Wolff J M, Brümmendorf T, Rathjen F G
Max-Planck-Institut für Entwicklungsbiologie, Tübingen, Federal Republic of Germany.
Biochem Biophys Res Commun. 1989 Jun 15;161(2):931-8. doi: 10.1016/0006-291x(89)92688-0.
The mode of membrane insertion of F11 130 kDa protein, a neural chick cell surface glycoprotein involved in neurite fasciculation, has been investigated. Up to 41% of total F11 130 kDa is released from adult chick brain plasma membranes by phosphatidylinositol specific phospholipase C (PI-PLC), whereas no release is mediated by lecithin/cephalin specific phospholipase C (PLC). PI-PLC dependent release of F11 is also observed from embryonal chick brain plasma membranes and from the surface of intact retinal cells. Biosynthetic labelling experiments demonstrate that F11 contains ethanolamine. Taken together, these results suggest that F11 interacts with the plasma membrane at least partially through covalently linked glycosyl-phosphatidylinositol (GPI) or a structurally similar lipid.

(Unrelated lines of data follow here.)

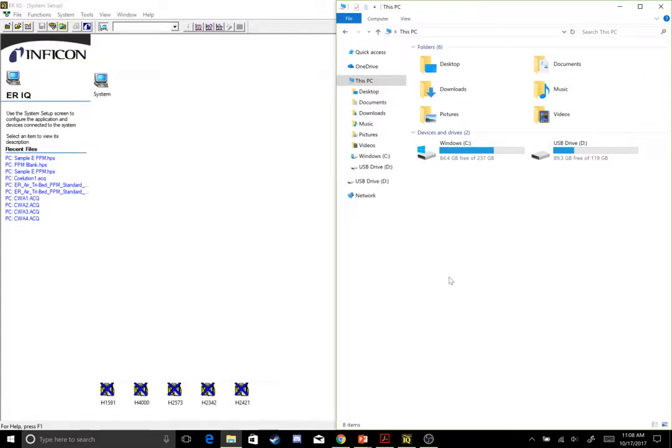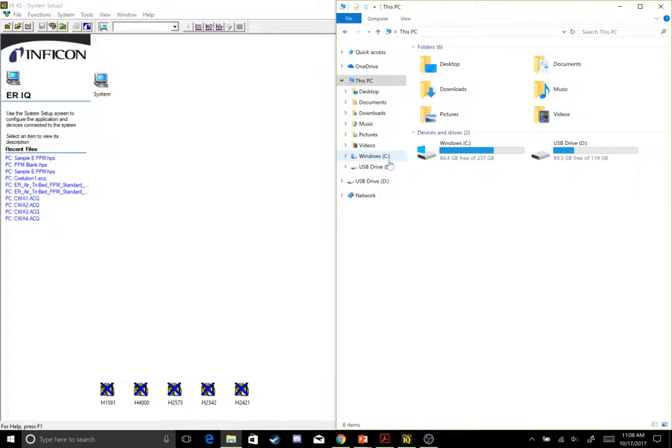Today we're going to go over setting up your NIST and AMDIS libraries on your HapSite ERIQ software. The first thing you need to do is locate your NIST library and place it into your ERIQ folder on the C drive.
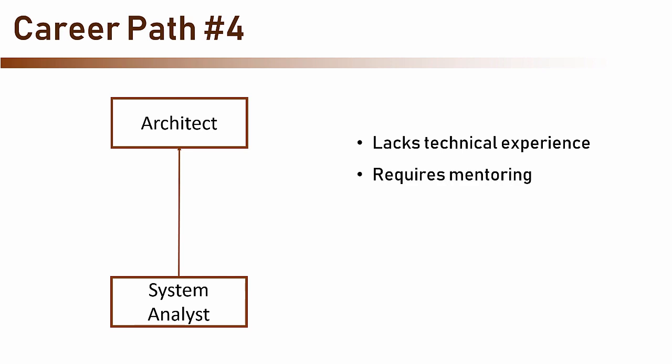So these are the career paths for an architect. I recommend you to find out which one best describes your current career phase and prepare yourself for the next steps that will lead you to be an exceptional software architect.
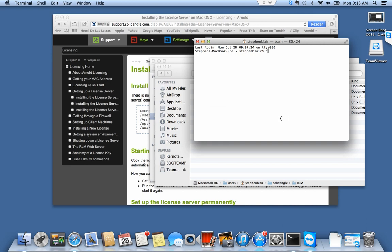It opens in my user folder, Users Stephen Blair.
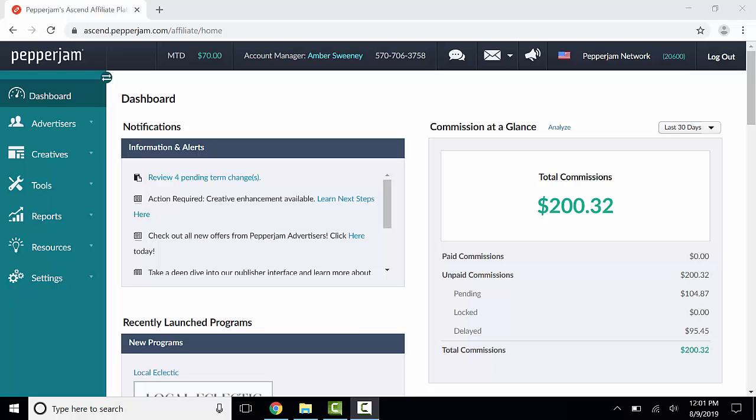Hi, my name is Cheyenne Huffman and in this video I'll be showing you how to find text creatives from advertisers.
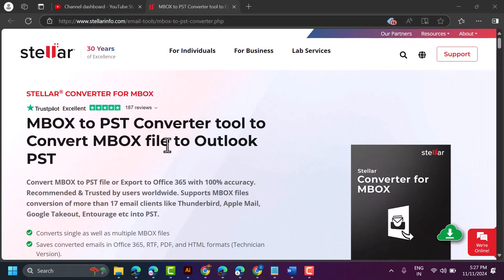Hello friends, today in this video we will review the software MBOX to PST converter. If you need to convert your Google Takeout data to Outlook, this is a nice software — very easy to use, very popular, and so many users in the world are using this software.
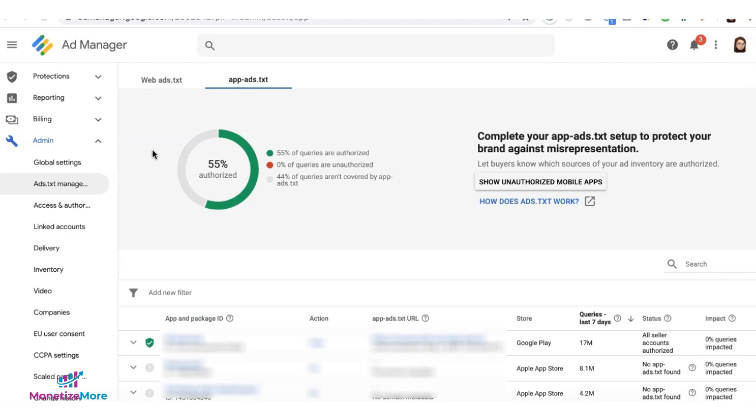This feature only applies to apps, not yet to websites or regular web. To begin, go to Admin, then ads.txt management, and select the app-ads.txt tab.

已对F11 130 kDa蛋白(一种参与神经突束状化的鸡神经细胞表面糖蛋白)的膜插入模式进行了研究。高达41%的总F11 130 kDa可被磷脂酰肌醇特异性磷脂酶C(PI-PLC)从成年鸡脑细胞膜中释放出来,而卵磷脂/脑磷脂特异性磷脂酶C(PLC)则不会介导其释放。从胚胎鸡脑细胞膜和完整视网膜细胞表面也观察到F11依赖于PI-PLC的释放。生物合成标记实验表明,F11含有乙醇胺。综合这些结果表明,F11至少部分通过共价连接的糖基磷脂酰肌醇(GPI)或结构相似的脂质与细胞膜相互作用。